**What you are asked to do:**
The entries below need to be transcribed exactly, without their images.

>>>

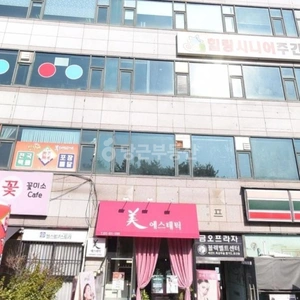 매물 썸네일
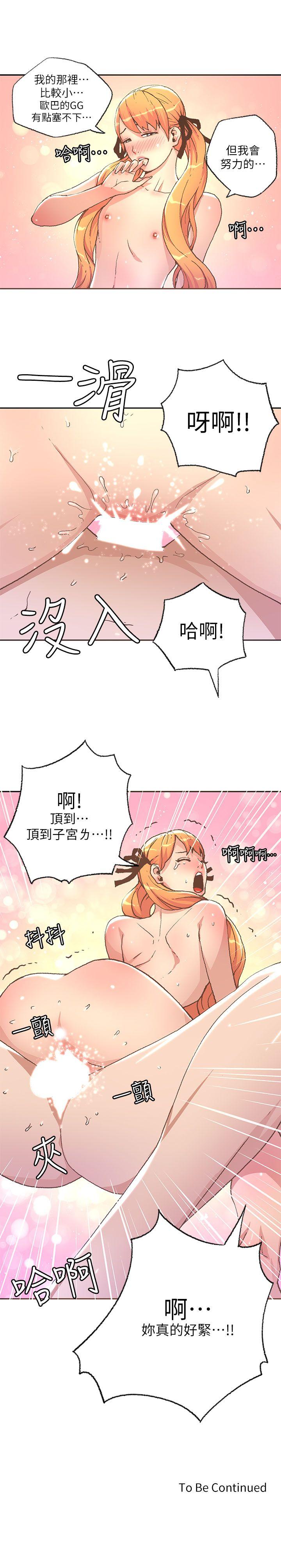 迷人的她 第28話 第19页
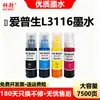 Para tinta Epson L3116 004 cor preta tinta de recarga impressora jato de tinta EPSON L3116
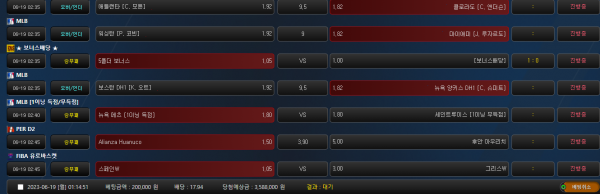 167d332b079674c2a6b72e4f11a2ced8_1687106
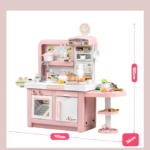 სამზარეულო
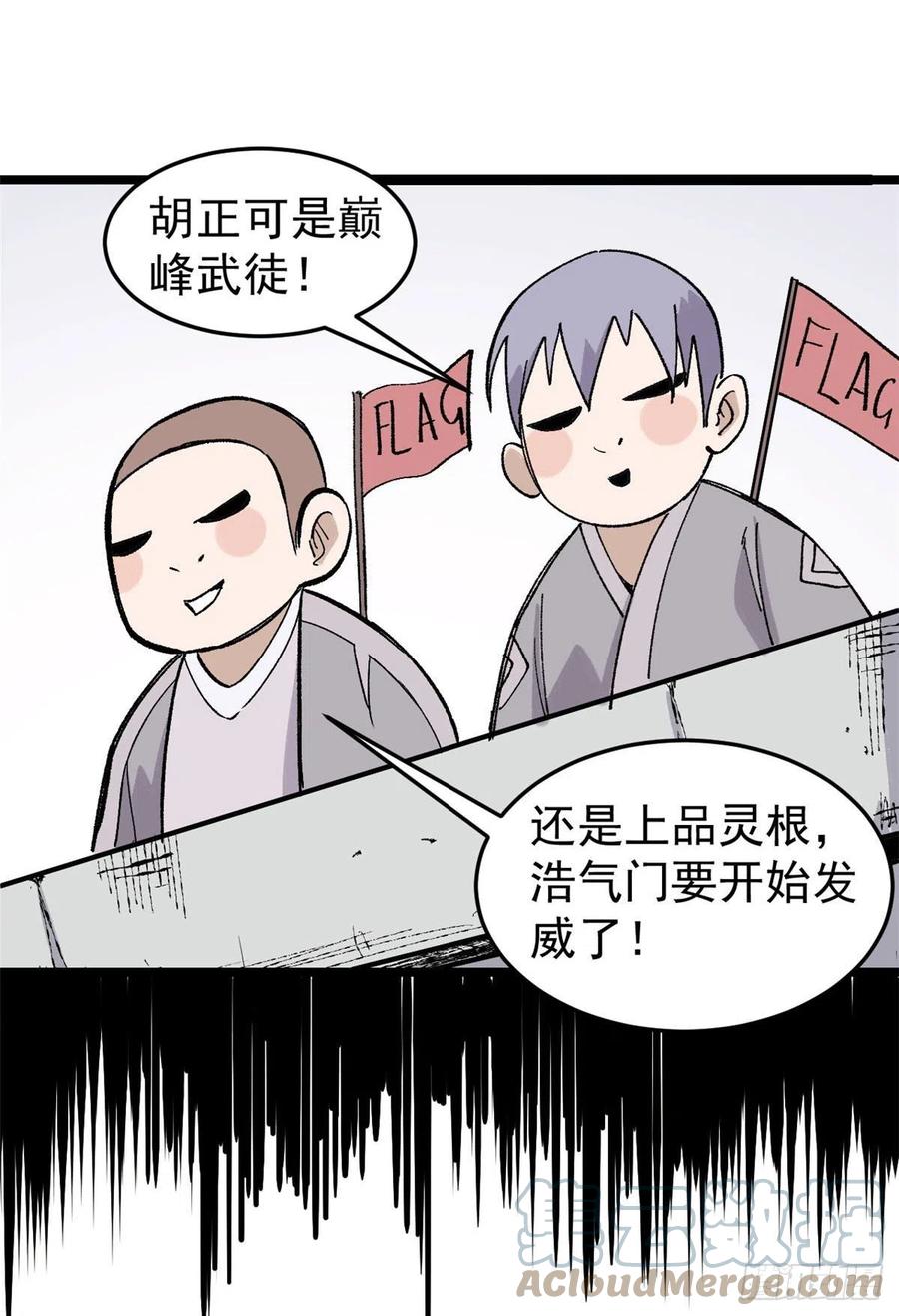 《万古最强宗》89 菊花残满地伤 第27页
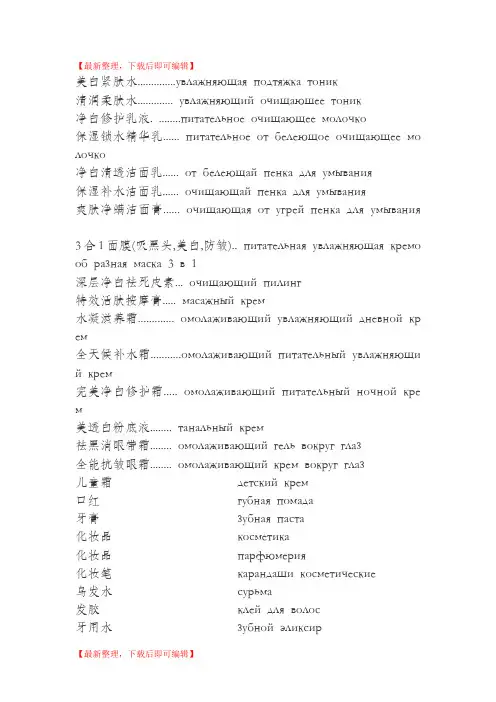 俄语化妆品名称(完整资料).doc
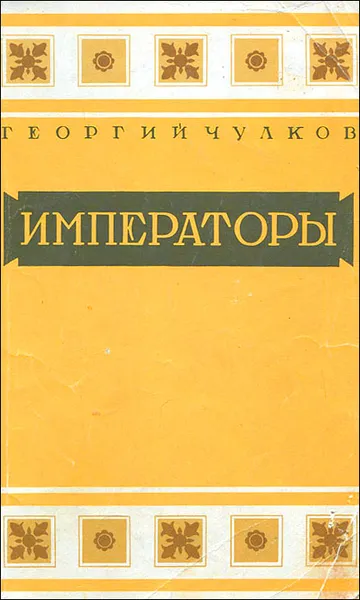 Обложка книги Императоры, Георгий Чулков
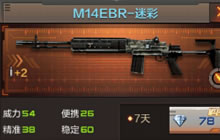 CF手游M14EBR-迷彩属性讲解 对战视频分享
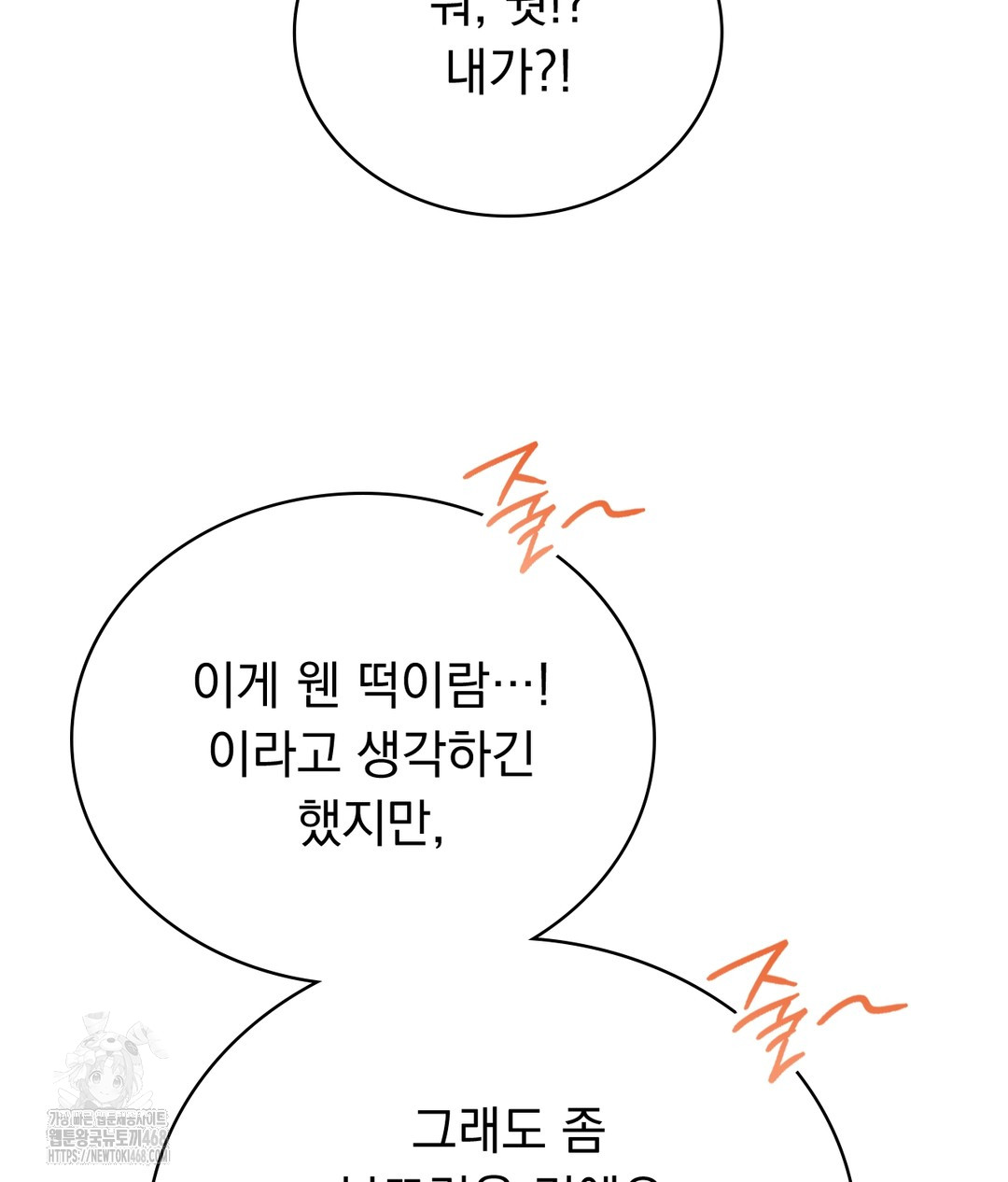 PC Room Girl Raw - Chapter 3 [photo 125] - MangaPorn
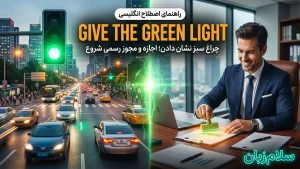Give the green light | Give the green lightچراغ سبز نشان دادن و مجوز نهایی دادن | Give the green lightچراغ سبز نشان دادن و مجوز نهایی دادن | Give the green lightچراغ سبز نشان دادن و مجوز نهایی دادن — Give the green lightچراغ سبز نشان دادن و مجوز نهایی داد معنی Give the green light | Give the green lightچراغ سبز نشان دادن و مجوز نهایی دادن | Give the green lightچراغ سبز نشان دادن و مجوز نهایی دادن | Give the green lightچراغ سبز نشان دادن و مجوز نهایی دادن | Give the green lightچراغ سبز نشان دادن و مجوز نهای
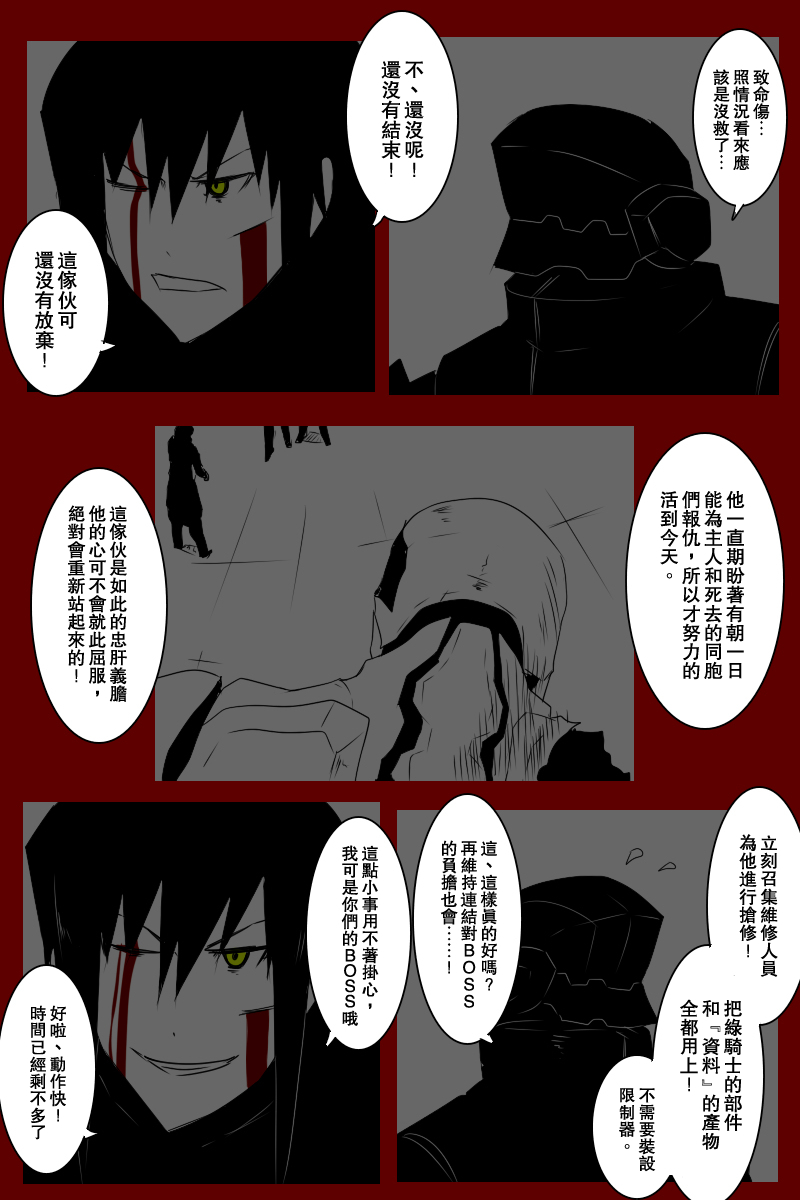 黑之舰队韩漫全集-第131话下无删减无遮挡章节图片 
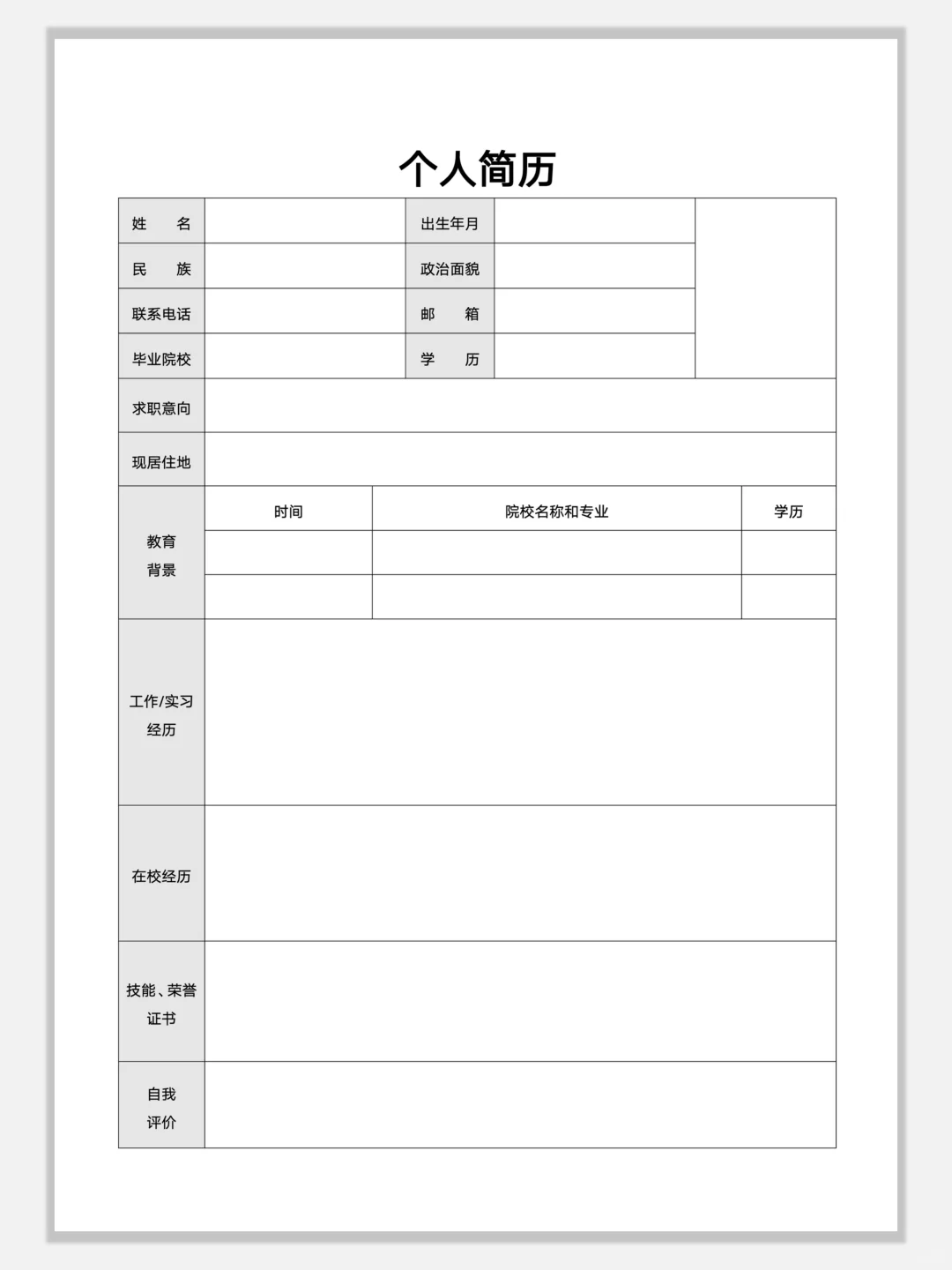 空白简约通用简历模板，手机可编辑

<<<

**Task response:**
 매물 썸네일
 迷人的她 第28話 第19页
 Para tinta Epson L3116 004 cor preta tinta de recarga impressora jato de tinta EPSON L3116
 167d332b079674c2a6b72e4f11a2ced8_1687106
 სამზარეულო
 《万古最强宗》89 菊花残满地伤 第27页
 俄语化妆品名称(完整资料).doc
 Обложка книги Императоры, Георгий Чулков
 CF手游M14EBR-迷彩属性讲解 对战视频分享
 PC Room Girl Raw - Chapter 3 [photo 125] - MangaPorn
Give the green light | Give the green lightچراغ سبز نشان دادن و مجوز نهایی دادن | Give the green lightچراغ سبز نشان دادن و مجوز نهایی دادن | Give the green lightچراغ سبز نشان دادن و مجوز نهایی دادن — Give the green lightچراغ سبز نشان دادن و مجوز نهایی داد معنی Give the green light | Give the green lightچراغ سبز نشان دادن و مجوز نهایی دادن | Give the green lightچراغ سبز نشان دادن و مجوز نهایی دادن | Give the green lightچراغ سبز نشان دادن و مجوز نهایی دادن | Give the green lightچراغ سبز نشان دادن و مجوز نهای
 黑之舰队韩漫全集-第131话下无删减无遮挡章节图片 
 空白简约通用简历模板，手机可编辑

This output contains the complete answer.